Hence, Nestor M. Davidson and John J. Infranca points out that “as sharing enterprises and local governments confront each other, each side is iterating and adapting amid a rapidly changing landscape of innovation. This distributed clash is not just shaping the sharing economy and local regulatory responses to it. It is also spurring broader changes to the urban environment. We are beginning to see new approaches, for example, to real estate development, land use, and transportation, as the private sector reacts to new configurations of use and ownership.”

In this regard, “the rise of companies like Uber and Airbnb represents a reaction to urban regulatory regimes that exacerbate the frictions of urban life. These regulatory conditions can limit or skew the supply of urban amenities, giving value to the excess capacity that sharing economy firms exploit to fill demand for services like ride sharing and alternative accommodations. As a result – intentionally or not – many sharing economy companies have flourished through a kind of regulatory arbitrage that leverages local regulatory challenges.”

This has generally pit the sharing platforms against the local governments and industry incumbents. As a backstop to support its aggressive strategies, the sharing platforms have sought “to rapidly establish a base of both consumers and providers who are invested in the given model and then to use that base to push the political discourse.” The conflicts between the sharing platforms and “city governments across the country are not only setting the terms of the sharing economy, but also are changing the nature of local government regulation in three key ways”.

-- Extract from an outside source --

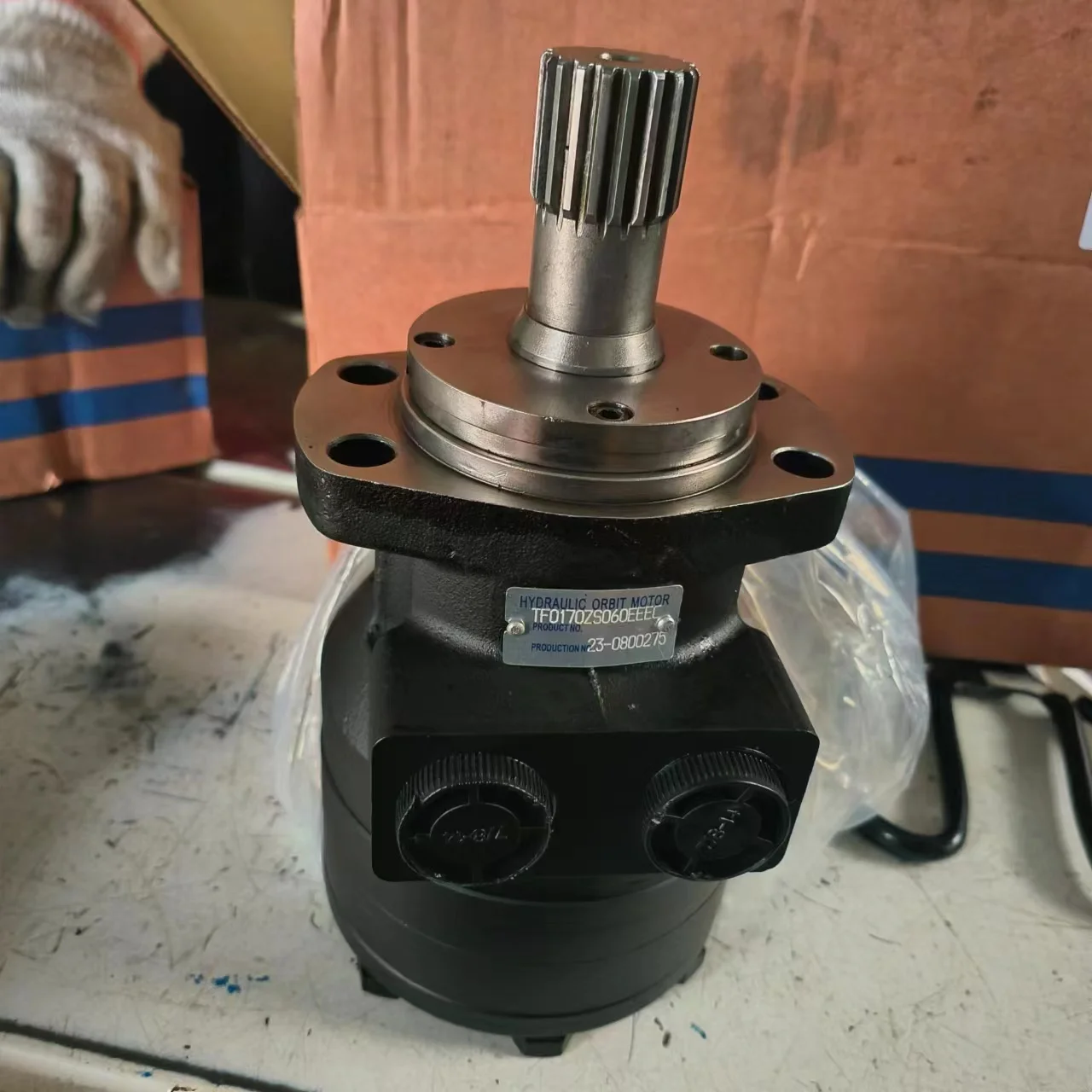 OMR50 OMR80 OMR100 OMR125 OMR160 OMR200 OMR250 OMR315 OMR375 OMR Series High Torque Hydraulic Motor OMR-375 151-6294 151-0246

Nestor M. Davidson and John J. Infranca point out that first, “it is compelling local governments to more clearly articulate and justify their regulatory objectives. Participation in the sharing economy makes certain forms of local regulation more visible and salient.” Second, local governments are seeking access to the substantial data owned by sharing platforms – “through either voluntary partnerships or legal action.” Third, the sharing economy is “having spillover effects that will lead to heightened expectations of transparency for local government regulation more generally.”

Hence, Nestor M. Davidson and John J. Infranca conclude that “understanding the sharing economy as an urban phenomenon highlights how the sector is altering not just the urban landscape and the social experience of living in cities but also how individuals interact with local government and the political economy more generally. It also reveals the need for a new, holistic approach to regulating the sharing economy at the local level that accounts for how deeply entwined the sector is with urban space and city life.”

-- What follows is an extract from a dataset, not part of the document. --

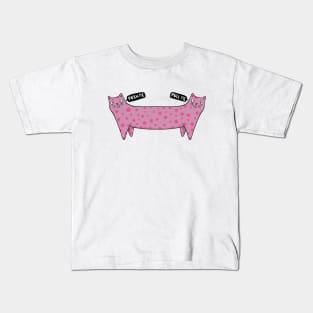 Push Me Pull Me Cat Kids T-Shirt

Nestor M. Davidson and John J. Infranca’s insights are significant for shaping policy choices in the future. The sharing of information and crowding into cities are reinforcing. Sharing expands the production of information and participation in response to the information challenges of modularity, autonomy, information asymmetry and transience. This also suggests that the regulatory challenges posed by sharing are more effectively addressed at the local rather than federal level. This suggests that policies should be oriented towards promoting greater decentralisation of decision-making and information transparency to foster higher levels of self-organisation.